Please give the lines below again exactly as they stand, from the one that contains "Alfa Romeo Stelvio nuova a Venezia (13)" up to and including the one that contains "LOBSTER PENINSULA .", leaving all pictures out.

--- Data for processing ---
==============================

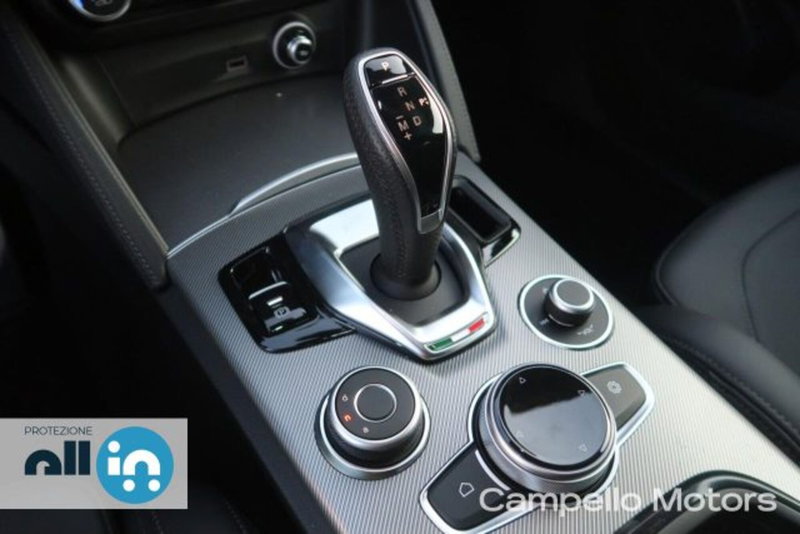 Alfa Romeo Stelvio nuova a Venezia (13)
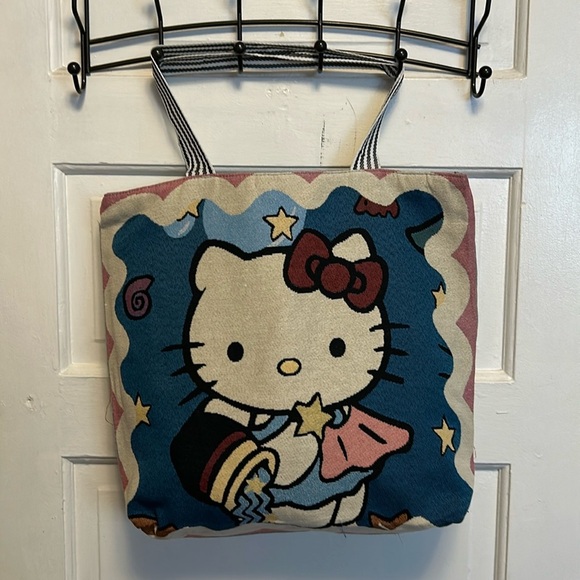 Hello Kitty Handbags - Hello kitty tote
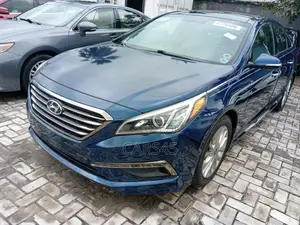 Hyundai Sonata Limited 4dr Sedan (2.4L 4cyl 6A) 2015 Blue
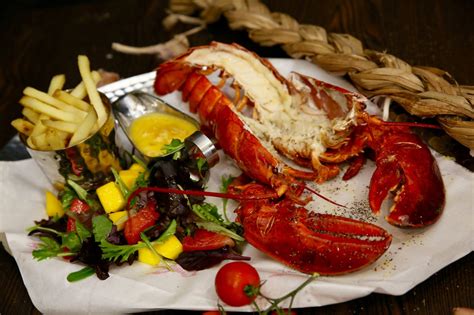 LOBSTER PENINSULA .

==============================

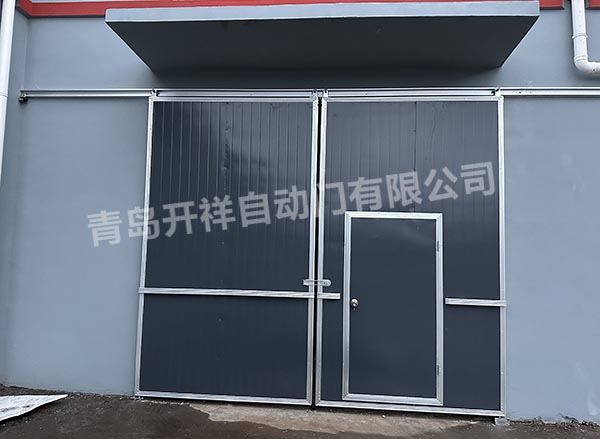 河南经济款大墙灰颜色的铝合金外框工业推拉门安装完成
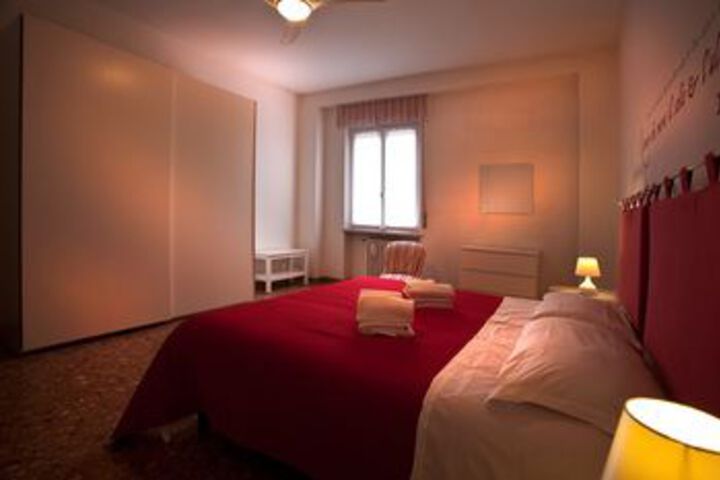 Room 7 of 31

==============================

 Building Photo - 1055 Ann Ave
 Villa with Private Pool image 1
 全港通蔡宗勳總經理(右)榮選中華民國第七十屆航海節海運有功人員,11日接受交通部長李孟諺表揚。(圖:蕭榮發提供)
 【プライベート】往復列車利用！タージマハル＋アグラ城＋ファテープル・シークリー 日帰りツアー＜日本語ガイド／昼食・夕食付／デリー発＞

==============================

--- Solution ---
 Alfa Romeo Stelvio nuova a Venezia (13)
 Hello Kitty Handbags - Hello kitty tote
 Hyundai Sonata Limited 4dr Sedan (2.4L 4cyl 6A) 2015 Blue
 LOBSTER PENINSULA .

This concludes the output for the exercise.